Even when they had tentative plans, they found it more productive to just film and see what happened.
“The lightsaber fight in Quad basement wasn’t originally planned,” H. Reich said. “When we got there we said we needed a couple of shots in the kitchen beforehand. Then we went downstairs just to explore and saw this basement that was this trashed place and thought OK, we need to fight here. The vast majority of it we just had them fight each other. They’d do it for 30-45 seconds and then take a break.”
3. Most of the time, actors and animators had little idea how their work would integrate into the final product.
H. Reich decided that the most efficient way to make the movie would involve keeping most of the people involved in the dark.
“You’d rather be shooting than explaining what point in the story they’re at,” H. Reich said. “People were good about trusting exactly what we were doing.”

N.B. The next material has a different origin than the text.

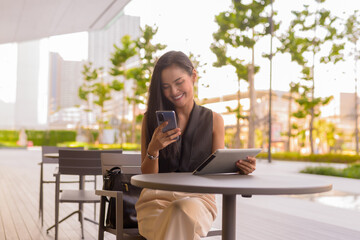 Portrait of beautiful Asian woman sitting outdoors at coffee shop restaurant smiling and using phone and digital tablet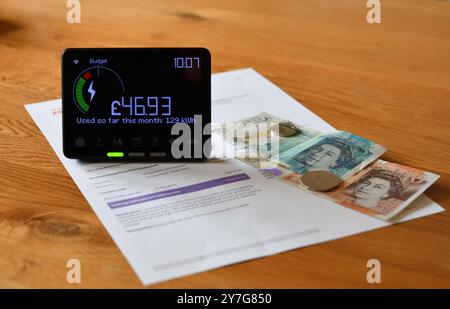 Compteur intelligent d'électricité en affichage à la maison (IHD) sur la table en bois montrant le coût mensuel et l'utilisation en kilowattheures (kWh) Banque D'Images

For Lynch-Klarup, this meant accepting an invitation based on his sword fighting skills and his willingness to jump off a bridge, wear a Sith costume and follow along.
“I had no idea what I was being a Sith Lord for,” Lynch-Klarup said.
The animators faced a similarly slow and veiled process.
“You’d be seeing parts of the movie where the effects weren’t done, a scene of [Dan] Krauss [’12] riding his bike on the loggia,” Ahlberg said. “Then all of a sudden, you do something, and he gets stepped on. It’s cool to see it evolve, the shots you’re working on going from one stormtrooper to 16.”
But the most startled onlookers might have been those who knew nothing of Titular Head.
“We were shooting the scenes where I killed Kyle on a big prospie weekend,” A. Reich said. So there were 200 people walking across Mac Field and we were there with lightsabers.”